══ DATASET ENTRIES
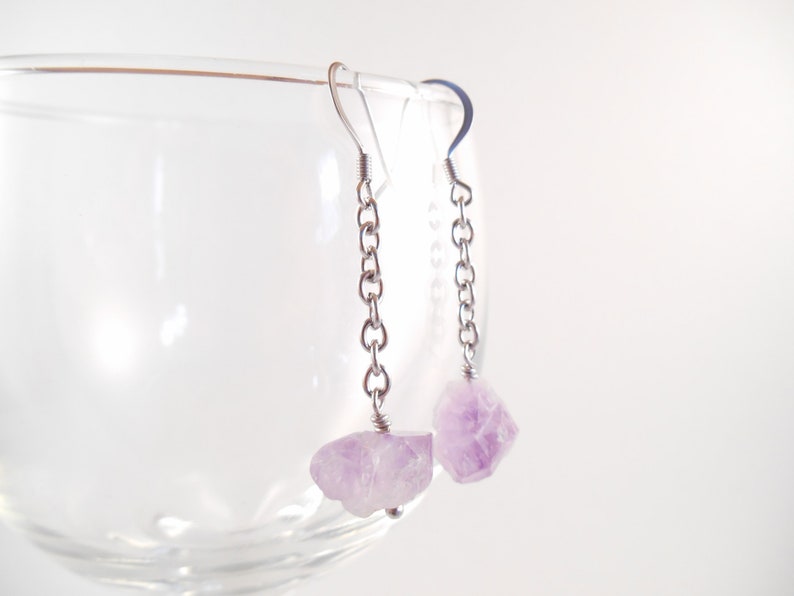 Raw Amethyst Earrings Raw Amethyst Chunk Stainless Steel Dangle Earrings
════
══ DATASET ENTRIES
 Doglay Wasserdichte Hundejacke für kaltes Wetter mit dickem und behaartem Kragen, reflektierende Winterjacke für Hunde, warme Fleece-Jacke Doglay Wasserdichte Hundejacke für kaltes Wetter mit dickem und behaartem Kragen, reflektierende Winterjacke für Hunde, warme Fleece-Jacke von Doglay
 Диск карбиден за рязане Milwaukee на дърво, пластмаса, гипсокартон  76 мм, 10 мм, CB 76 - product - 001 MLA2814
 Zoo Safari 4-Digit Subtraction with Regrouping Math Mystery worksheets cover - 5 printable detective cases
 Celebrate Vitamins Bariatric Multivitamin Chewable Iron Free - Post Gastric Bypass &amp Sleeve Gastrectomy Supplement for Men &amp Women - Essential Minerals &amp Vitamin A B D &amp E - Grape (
════
Taking the lines above, repeat exactly those from the line that contains "Диск карбиден за" through the line that contains "Celebrate Vitamins Bariatric", and both of those lines as well. Include nothing else.

[SOLUTION]:
 Диск карбиден за рязане Milwaukee на дърво, пластмаса, гипсокартон  76 мм, 10 мм, CB 76 - product - 001 MLA2814
 Zoo Safari 4-Digit Subtraction with Regrouping Math Mystery worksheets cover - 5 printable detective cases
 Celebrate Vitamins Bariatric Multivitamin Chewable Iron Free - Post Gastric Bypass &amp Sleeve Gastrectomy Supplement for Men &amp Women - Essential Minerals &amp Vitamin A B D &amp E - Grape (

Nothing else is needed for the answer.